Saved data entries
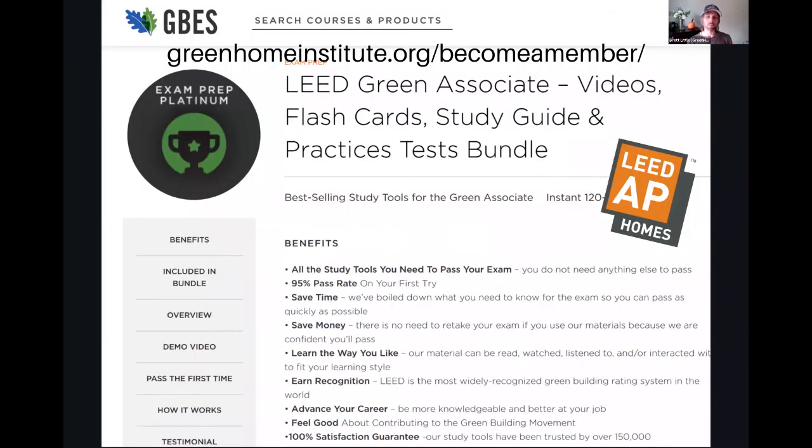So it can certainly be challenging, though it is more affordable. If you're looking for some best practices and study tips, one of the best ways in my opinion to study for the LEED AP Homes is to take the GBES training online. It's a practice quiz that you can take over and over again for 90 days and I recommend getting a passing rate of at least 90 percent, and then when you feel really good, schedule your exam. If you're a member of Green Home Institute, you can get instant access to that training right away.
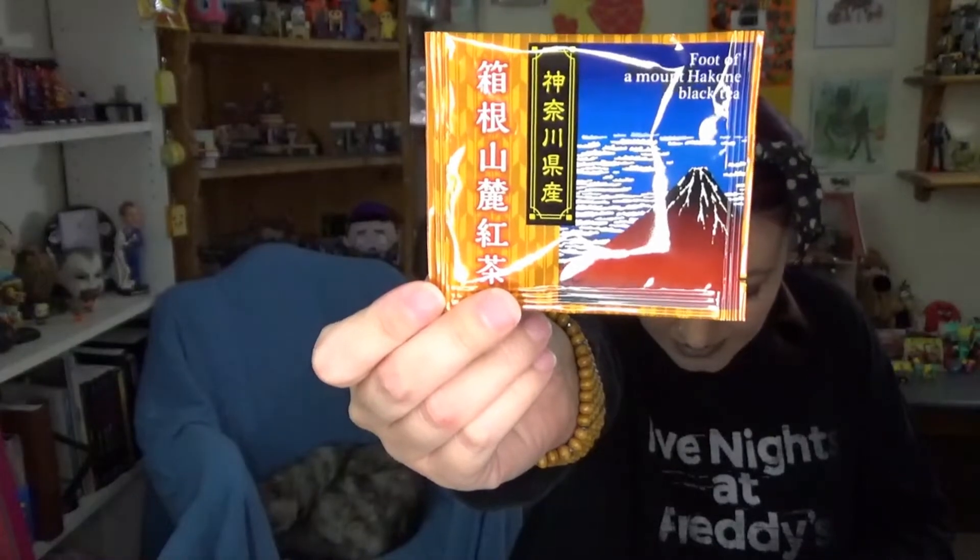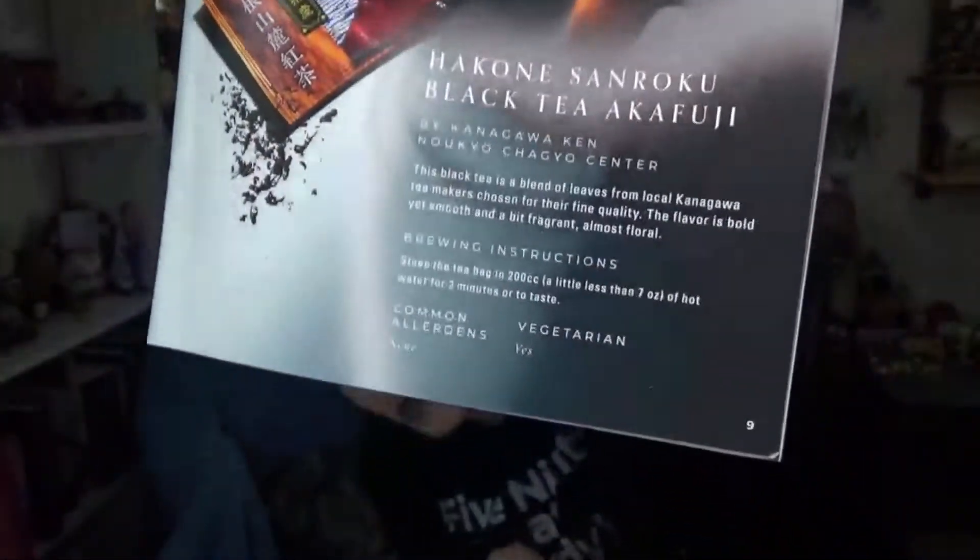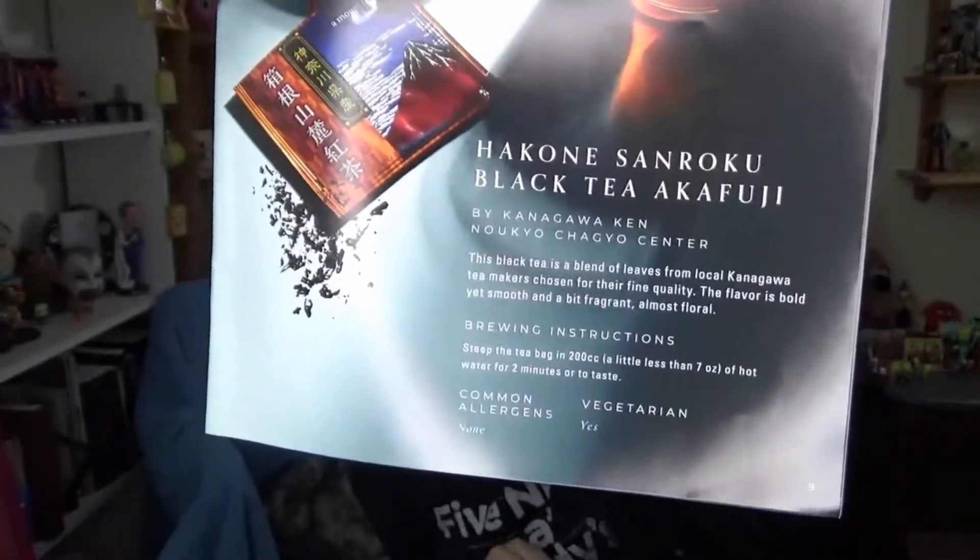Where should I start? Let's start with the Bokksu because it's special. Hakone Sanroku Black Tea Akafuji. This black tea is a blend of leaves from local Kanagawa tea makers chosen for their fine quality. The flavor is bold yet smooth and a bit fragrant, almost floral. There are brewing instructions that I'm not going to follow — maybe I'll follow the time, but I'm not going to sit there with a thermometer and check the temperature of the water. I'm just not that person. I respect you if you are, but I'm not going to do it.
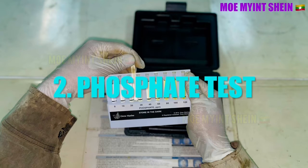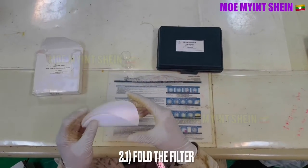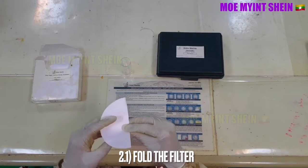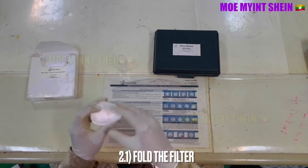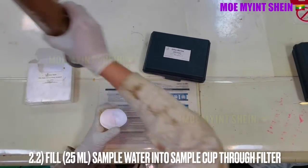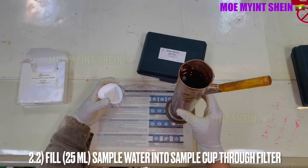As the second test, we will carry out the phosphate test. Fold the paper filter like this. Fill 25 ml of sample water into the sample cup through the filter.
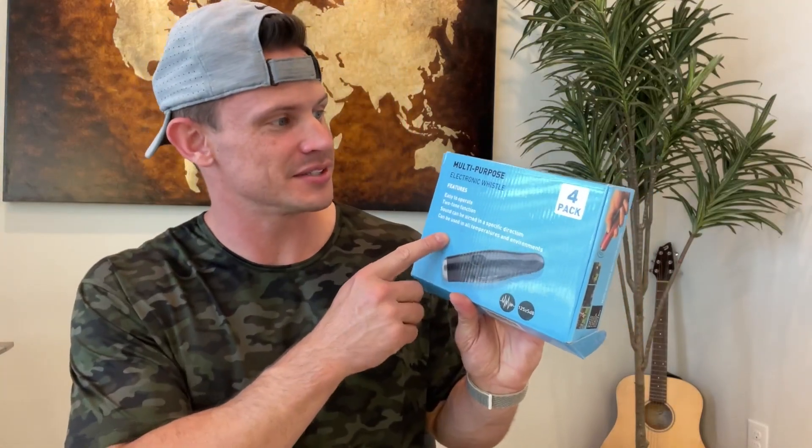I got a really cool product right here. It's this multi-purpose electronic whistle. I didn't even know that these were a thing, to be honest, at the very beginning, but they are incredible. Now that I've learned about them and used them, I want to show you guys how it works.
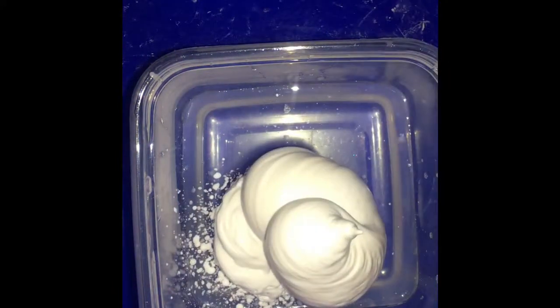So you're going to want to start off with some clear glue. Then you add shaving cream to it and mix that off.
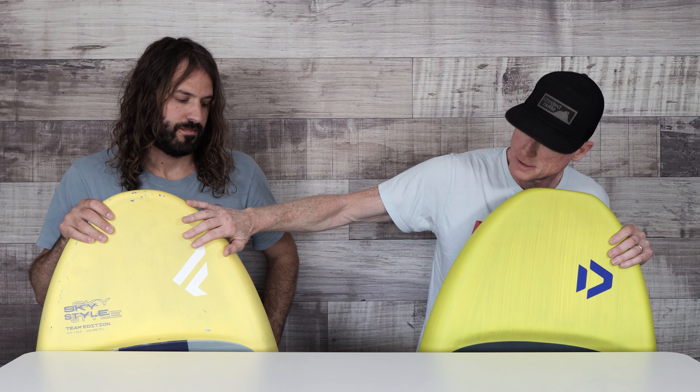Hey guys, Jeff at Mack Kite, and I'm Tucker. We're here to give you a little overview of the new — formerly Fnatic, now Duotone — Sky Edition boards.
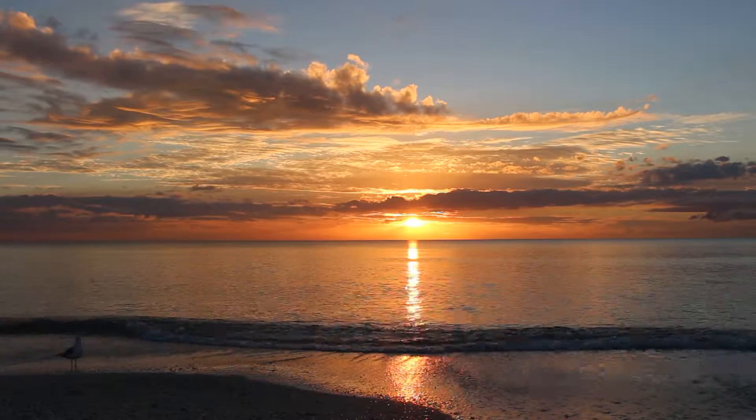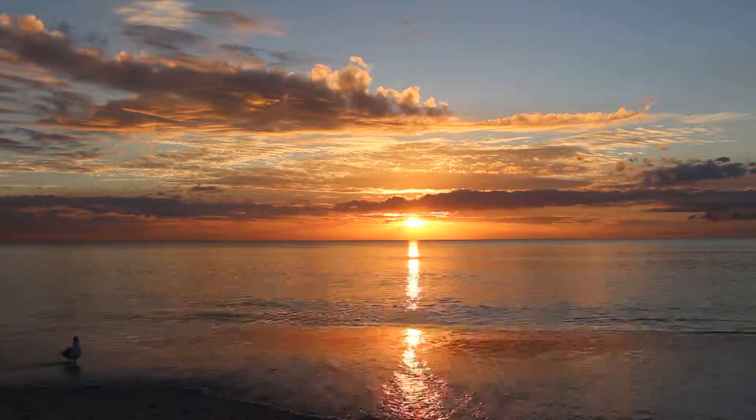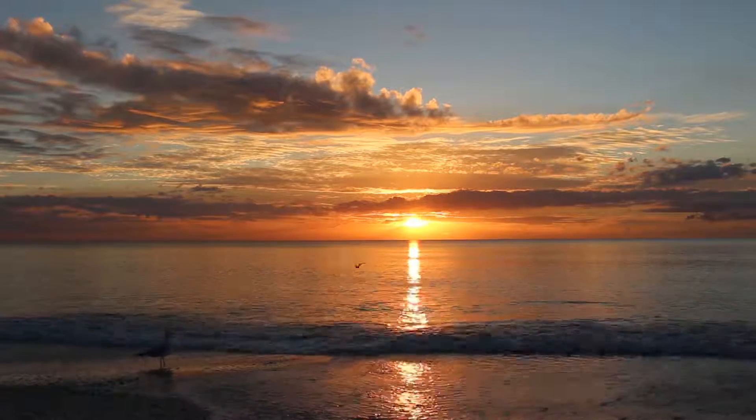Good, and as you breathe out, letting those arms and hands soften and let go, and allow yourself to relax into it.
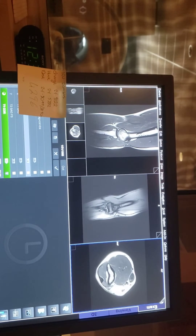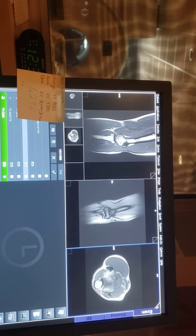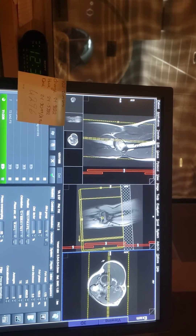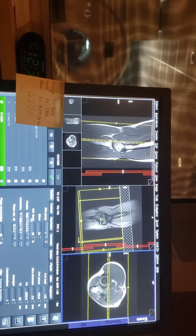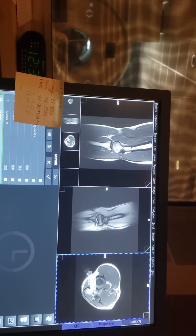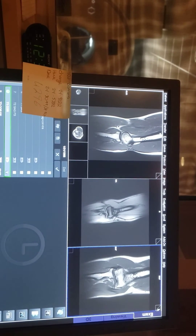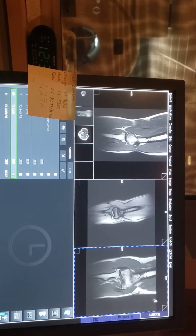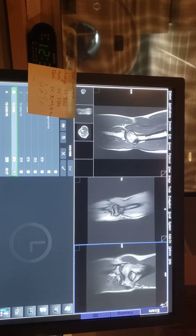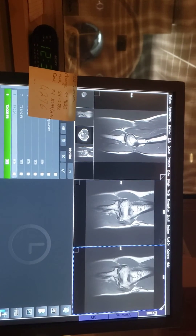Now we're just waiting on the Coronal to come up. So the angle is just right to left, and for Axial and Coronal I'll do A2P. There go my Coronal picture — just waiting on it to finish. This is the Coronal.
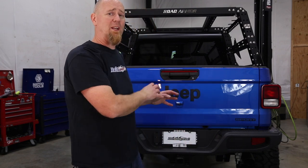So I think it's time we get rid of that stock plastic bumper from the back of the Giveaway Gladiator. Stay tuned.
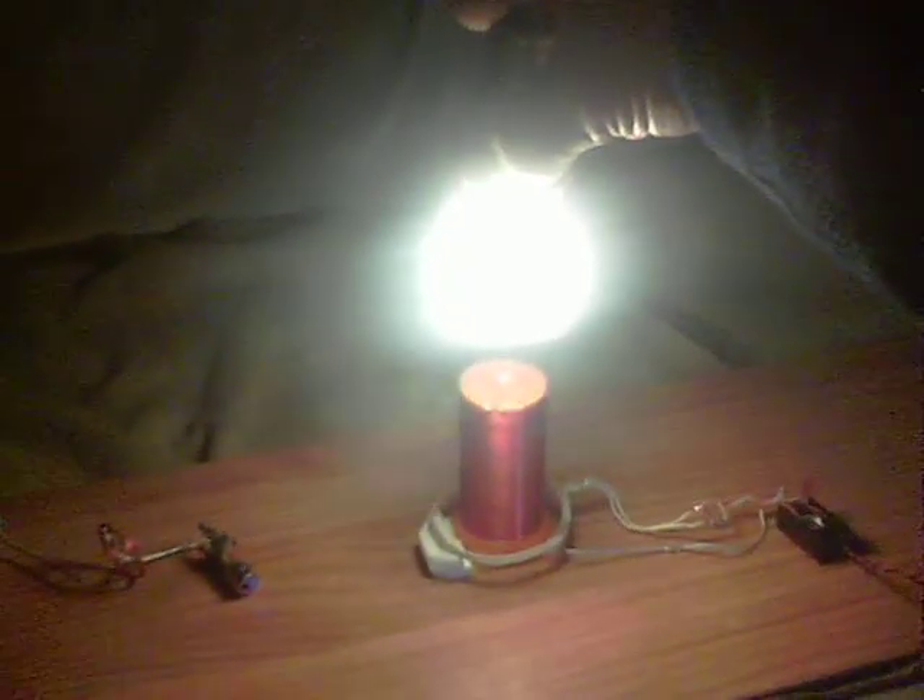Here's the light bulb. Here's a neon on a dipole — oops. That's quite some height.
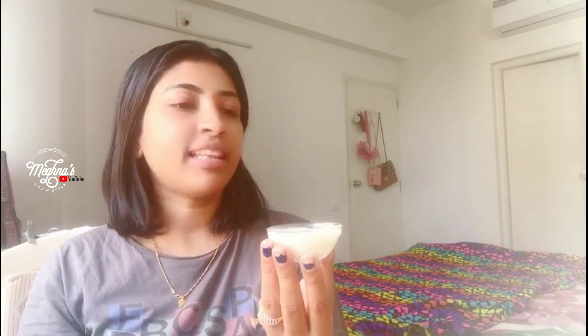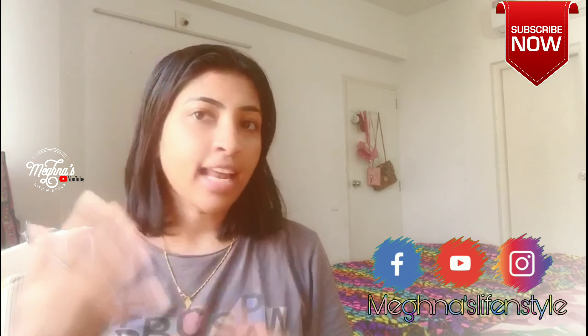Now we are ready to mix it. We are ready to mix it with a normal pan and a packet. Add a little bit of hot water and mix it well.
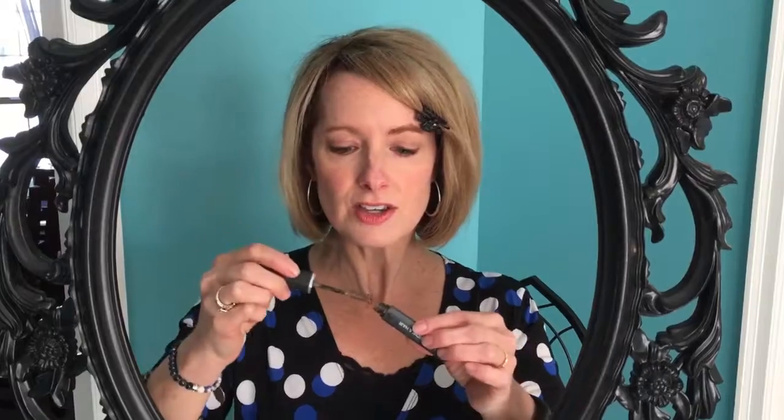Just pencil it in like this — that's all you have to do. Clean it up where you need to, and that's it. It's that simple. Thanks for watching, hope you enjoyed this tip.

- _Task details_
Every line above should be output exactly, except for the pictures.

- _Worked solution_
So it can certainly be challenging, though it is more affordable. If you're looking for some best practices and study tips, one of the best ways in my opinion to study for the LEED AP Homes is to take the GBES training online. It's a practice quiz that you can take over and over again for 90 days and I recommend getting a passing rate of at least 90 percent, and then when you feel really good, schedule your exam. If you're a member of Green Home Institute, you can get instant access to that training right away.
Where should I start? Let's start with the Bokksu because it's special. Hakone Sanroku Black Tea Akafuji. This black tea is a blend of leaves from local Kanagawa tea makers chosen for their fine quality. The flavor is bold yet smooth and a bit fragrant, almost floral. There are brewing instructions that I'm not going to follow — maybe I'll follow the time, but I'm not going to sit there with a thermometer and check the temperature of the water. I'm just not that person. I respect you if you are, but I'm not going to do it.
As the second test, we will carry out the phosphate test. Fold the paper filter like this. Fill 25 ml of sample water into the sample cup through the filter.
I got a really cool product right here. It's this multi-purpose electronic whistle. I didn't even know that these were a thing, to be honest, at the very beginning, but they are incredible. Now that I've learned about them and used them, I want to show you guys how it works.
So you're going to want to start off with some clear glue. Then you add shaving cream to it and mix that off.
Hey guys, Jeff at Mack Kite, and I'm Tucker. We're here to give you a little overview of the new — formerly Fnatic, now Duotone — Sky Edition boards.
Good, and as you breathe out, letting those arms and hands soften and let go, and allow yourself to relax into it.
Now we're just waiting on the Coronal to come up. So the angle is just right to left, and for Axial and Coronal I'll do A2P. There go my Coronal picture — just waiting on it to finish. This is the Coronal.
So I think it's time we get rid of that stock plastic bumper from the back of the Giveaway Gladiator. Stay tuned.
Here's the light bulb. Here's a neon on a dipole — oops. That's quite some height.
Now we are ready to mix it. We are ready to mix it with a normal pan and a packet. Add a little bit of hot water and mix it well.
Just pencil it in like this — that's all you have to do. Clean it up where you need to, and that's it. It's that simple. Thanks for watching, hope you enjoyed this tip.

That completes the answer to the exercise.